将html文件切片为pandas数据帧,同时保留格式的div标签的父子关系

时间:2017-11-09 16:16:57

标签: pandas beautifulsoup

我正在尝试将html文件剪切为数据帧,以保留div标签之间的父子关系。

例如:

<div class="ddemrcontentitem ddremovable" dd:entityid="0" id="_5C026969-
71BA-456E-A183-BC923BAB9E99" style="clear: both;" 
xmlns:dd="DynamicDocumentation">Orders:
        <div style="padding-left: 8px;">
        <div class="ddemrcontentitem ddremovable" dd:contenttype="NONMEDORDERS" dd:entityid="251406974" id="_57B1A3DC-1899-4752-9516-6F137BBE1C8F">CBC w/ Auto Diff</div>

        <div class="ddemrcontentitem ddremovable" dd:contenttype="NONMEDORDERS" dd:entityid="251389861" id="_0A418835-4384-4ACC-A4FD-3C901539DADB">Hygiene Activity</div>

        <div class="ddemrcontentitem ddremovable" dd:contenttype="NONMEDORDERS" dd:entityid="251389598" id="_5D06090F-7330-49B1-BB53-28496388E8C1">Regular Diet</div>

        <div class="ddemrcontentitem ddremovable" dd:contenttype="NONMEDORDERS" dd:entityid="251407213" id="_0D683EC1-4D18-45F4-BD52-0451DDA3BF5A">Sodium Level</div>

        <div class="ddemrcontentitem ddremovable" dd:contenttype="NONMEDORDERS" dd:entityid="251410812" id="_82ACC1FF-DA2E-472C-BA0F-E881293BDCBA">Sodium Level</div>
        </div>

订单应该是字典或数据框中每个(CBC w / Auto Diff,Regular Diet,Sodium Level,Sodium Level)的父级。

这是我的失败审判:

import pandas as pd
import bs4

'''i imported the file- parsed html using bs4 package
made a list of the div tags and made 2 dictionary too
one with the text and one with the full tags and text
then made tables of them (pandas dataframes)'''

alpha = open('D://python/893714319.00.html','r')
beta = bs4.BeautifulSoup(alpha, 'lxml')

lister = []
fulllister = []
listerer = {}

mydivs = beta.findAll('div')

for div in mydivs:

    lister.append(div.text)
    fulllister.append(div.contents)


listerer = {k:v for v,k in enumerate(lister)}

fulllisterer = {k:v for k,v in enumerate(fulllister)}

listerer = sorted(listerer.items(), key=lambda x: x[1])

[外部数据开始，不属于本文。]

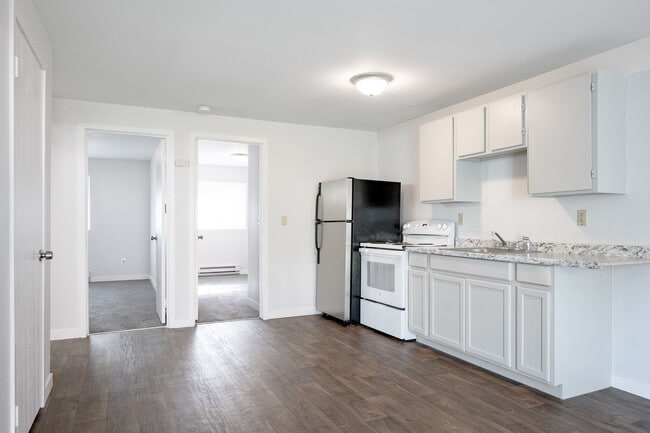 Foto del edificio - Yakima M.F. LLC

fulllisterer = sorted(fulllisterer.items(), key = lambda x:x[1])

listerer = pd.DataFrame(listerer)
fulllisterer = pd.DataFrame(fulllisterer)

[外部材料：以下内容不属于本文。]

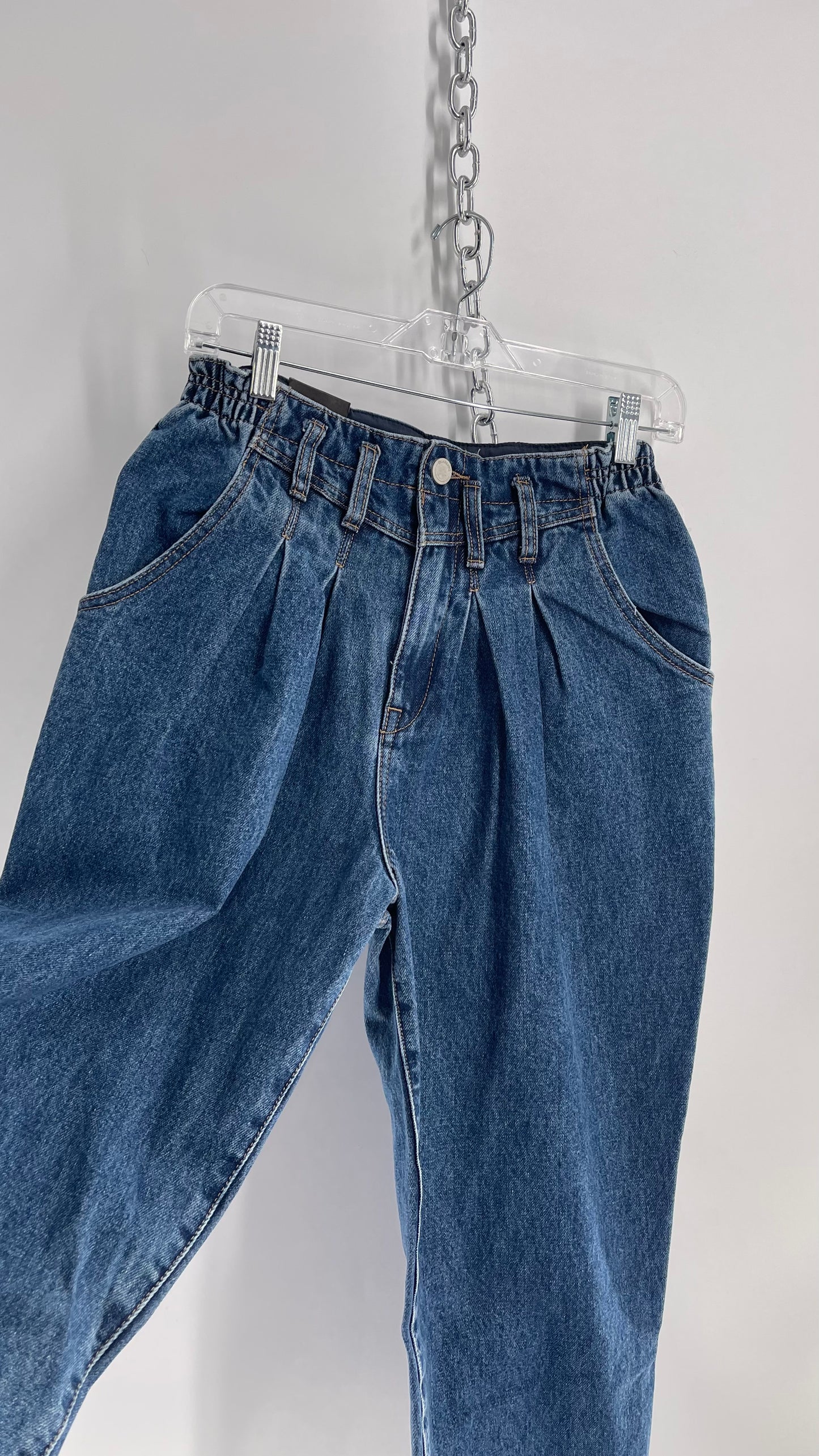 BLANKNYC Baxter Mid Rise Mid Wash Pleated Vintage Style Mom Jean with Tags Attached (27)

listerer.dropna( inplace='True',how='any')
fulllisterer.dropna(axis=1, inplace='True',how='any')

'''trying to characterize the string that is parent and what is child
by counting <div> in it but this is not working , i don't know why
by parent i mean 'orders' and the children would be 'cbc' and so
'''

fulllisterer['divier']= ""
fulllisterer['count']= 0

for string in fulllisterer[1].iteritems():

    fulllisterer['count']=string.count('<div>')
    if string.count('<div>')>1:
        fulllisterer['divier'] = fulllisterer[1]

输出看起来像:

<html>
<body>
<table>

<th>parent</th>
<th>child</th>
<tr>
<td>orders</td>
<td>CBC w/ Auto Diff</td>
</tr>
<tr>
<td>orders</td>
<td> Hygiene Activity</td>
</tr>
<tr>
<td>orders</td>
<td> Regular Diet</td>
</tr>
<tr>
<td>orders</td>
<td>Sodium Level</td>
</tr>
<tr>
<td>orders</td>
<td>Sodium Level</td>
</tr>
</table>
</body></html>

the output would be like

1 个答案:

答案 0 :(得分:0)

我认为你只是过度设计了这个。以下代码改编自您的代码段

import pandas as pd
import bs4

beta = bs4.BeautifulSoup(alpha, 'lxml')

mydivs = beta.findAll('div')

lister = []
for div in mydivs:
    lister.append(div.text)


data_list = lister[0].split('\n')
data_list = [el.strip().replace(':', '') for el in data_list if el.strip() != '']
df = pd.DataFrame()
print pd.DataFrame({'parent': data_list[0], 'child':data_list[1:]})

现在你只需要确保为每个父div标签调用它来代替lister [0]。